How to Never Fail.

There is an entire multi-million dollar industry built upon getting organized, being productive, and achieving your goals. Just the very fact that there are so many different courses, applications, and seminars tells us one thing — people are still not achieving their goals.

I don’t think the issue is the tools we have at our disposal but the goals we try and accomplish with those tools. After all, we all have enough computing power in our pockets in the form of smartphones to plan and execute a space mission, so it should be more than enough to help us organize and achieve our personal goals.

I think the real problem lies in the fact that we set ourselves goals that are either unachievable or that have an outcome that is not controlled by us. The philosopher Epictetus gave us a way to become invincible:

You can be invincible if you do not enter into any contest in which victory is not up to you.

While this may appear inherently pessimistic, I hope to show that it can be anything but.

How to Never Fail Again

Wouldn’t it be amazing to never fail again? They say that we learn from our mistakes, but that doesn’t have to mean that we have to fail in reaching our goals.

There are two methods that can guarantee that you will never fail.

The first is simply to completely change the way you set your goals. You need to set internal goals instead of external goals.

What does this actually mean?

It all goes back to what we can and cannot control.

Everything falls into three categories:

  • Things we can fully control
  • Things we can partially control
  • Things we cannot control.

The only things that we can fully control are our thoughts and our actions (and even those, at times, can be incredibly difficult to control). Everything else is, at best, partially controllable or else fully uncontrollable. Some things may give the illusion of being controllable but they are actually not.

So how does this link in with the way we should set our goals?

It’s simple, we should only set our goals based on what we can fully control, namely our thoughts and our actions. I call this setting internal goals because it’s all about you.

The problem with setting external goals based on things that you cannot control is that you might do everything right and you are likely to still not reach your goal thus setting yourself up for a potential failure and there is very little you can do about it.

For most people, this clearly means a large change in the way they view their life. The switch from “I want to win this race” to “I want to do the best I can” appears deceptively simple. In reality, it’s perhaps one of the hardest things you can do. It requires constant self-examination and it will be years before you think like this in a natural manner. Do not be discouraged by the time it takes, that in itself requires a shift in your perspective of time. I’ve written about how you should think in higher time frames and also how to completely change the way you think about time.

I promise you that once you do start making this change in the way you think you will start to notice how absurd we are as a society in the way we set goals and plan ahead. We create forecasts for things that are wildly outside of our control and use all kinds of mathematical and scientific reasoning to try and back it up. Don’t buy into it. Nobody knows what’s going to happen tomorrow, no matter what they tell you.

Whenever you find yourself on the side of the majority, it is time to pause and reflect.

Mark Twain.

I find that often people ask me if this doesn’t mean that one will become wonderfully under ambitious and perhaps in the traditional way of looking at things it may well appear that way.
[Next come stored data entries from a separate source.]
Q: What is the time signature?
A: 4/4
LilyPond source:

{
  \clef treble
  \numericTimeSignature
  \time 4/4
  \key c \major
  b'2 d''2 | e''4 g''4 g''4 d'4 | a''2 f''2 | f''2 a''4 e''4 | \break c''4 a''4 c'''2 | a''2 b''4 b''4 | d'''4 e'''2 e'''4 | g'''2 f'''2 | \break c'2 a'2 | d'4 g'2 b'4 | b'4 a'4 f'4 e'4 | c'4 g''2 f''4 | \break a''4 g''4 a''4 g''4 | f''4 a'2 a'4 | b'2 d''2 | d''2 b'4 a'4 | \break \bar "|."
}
I think it’s important to remember that we should aim to achieve things that are meaningful and not just try to impress other people by the job title we have or the number of things we have managed to collect.

Ironically, you might find that you start achieving some of the external goals that you had once set yourself. By not focussing on making money but just doing the best you can in your life’s work, you might just realize that your bank account has a few more zeros than it used to.

Another example is the student who instead of studying to pass an exam, studies to learn the subject as well as he possibly can and then finds that as a byproduct he scores highly on his exam paper.

Life is strange like that, when you try really hard to get something it appears impossible to reach but as soon as you stop trying, it magically floats your way. This is probably due to the fact that you start concentrating on the things that truly matter and forget about the things that don’t.

Of course, setting internal goals does not guarantee that you will achieve what you want to achieve. After all, we, as a species, are notoriously lazy, badly disciplined, and prone to distractions. This is where the second of the two methods steps in and makes sure that we never fail.

Break it down

Breaking long-term goals or projects into small steps is not a new strategy. In fact, it’s advice that has been regurgitated ad nauseum in almost all popular lifestyle magazines. The only problem that I have with this advice, is that it doesn’t go quite far enough. It’s a step in the right direction but it doesn’t address the fundamental problem of procrastination or the simple fact that some tasks appear daunting and impossible even when broken down into smaller tasks.

My approach in this matter of breaking goals is radically different and has the advantage of being incredibly simple. It is so simple that I can summarise my entire system in one sentence.

Break down goals into such small steps that it is impossible to fail.

That’s it — I told you it was simple.

The only problem that I have found is that people don’t take this advice literally enough. You shouldn’t just break things down into simple steps, you should ensure that you will complete these steps because they are so small and so simple.

If you flip this concept on its head, you come to the realization that you are guaranteeing yourself success in everything that is under your control.

I use this system all the time. I’ve even used it to get myself motivated to write this essay. I decided I was going to write five hundred words in the first sitting and then do something else. It’s such a small task that I couldn’t possibly put it off because it can be done immediately and it doesn’t take much time.

So what are the criteria for creating such an easy goal that it is impossible to fail to achieve?

Well, firstly it needs to be just one step and it should be specific. “Write five hundred words of this essay” is a specific step while “Create Strategy Plan” is too obscure and vague to be effective.

So the two steps to never-failing again:

  • Set internal goals based on what you can control (i.e. your actions and thoughts)
  • Break down these internal goals into the smallest, simplest steps possible so you cannot possibly fail to complete that step.

Enjoy, and remember:

A journey of a thousand miles begins with a single step.